The Recovery Accountability and Transparency Board's data analytics platform delivers structured stimulus spending data to inspectors general, who use it to hunt for waste and fraud. Over four and a half years, the Recovery Board's platform has saved taxpayers $100 million in funds recovered or withheld from questionable grantees and contractors. Because inspectors general are scrutinizing stimulus data, there's an internal incentive to correct errors.

To avoid the SEC's mistake, the DATA Act expands this existing data analytics platform to cover the entire government. If inspectors general are actively using federal spending data, they'll know when it's not accurate. They'll push agencies to get it right.

Some senators are considering removing these provisions from the DATA Act, for a short-sighted reason. They're citing the Recovery Board's $20 million annual cost while ignoring its considerable returns in fraud illuminated and eliminated.
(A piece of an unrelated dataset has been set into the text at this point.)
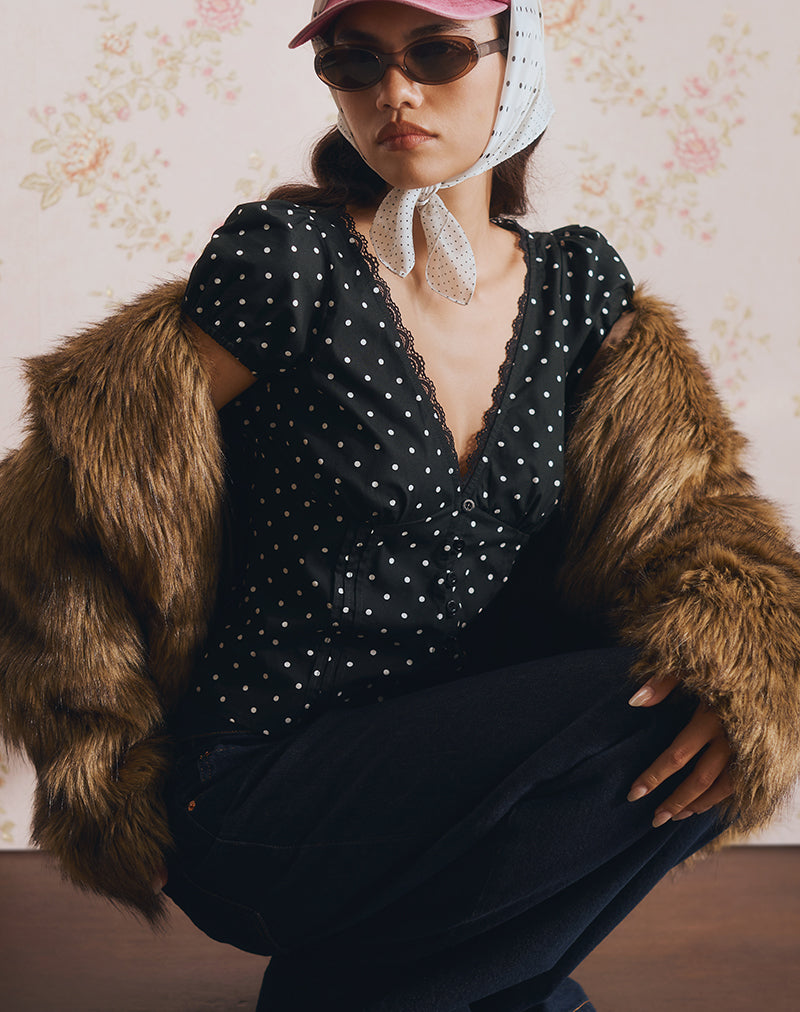 Image of Ilias Korsett-Top in Basic Polka Schwarz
Open data is no good unless it's accurate. The SEC's experience shows that the only way to generate internal pressure for accurate spending data will be if the federal government is actively using that data.

The DATA Act has champions in both chambers and both parties. Lead authors Rep. Darrell Issa (R-Calif.) and Sen. Mark Warner (D-Va.) are joined by Rep. Elijah Cummings (D-Md.), Sen. Rob Portman (R-Ohio), and many others.

Our tech industry coalition represents the companies whose software will use the DATA Act's standardized data to deliver transparency, fight waste and fraud, and automate compliance.

We hope the Senate will learn from the SEC's mistake and preserve the Recovery Board's role in the DATA Act.

Hollister is executive director of the Data Transparency Coalition.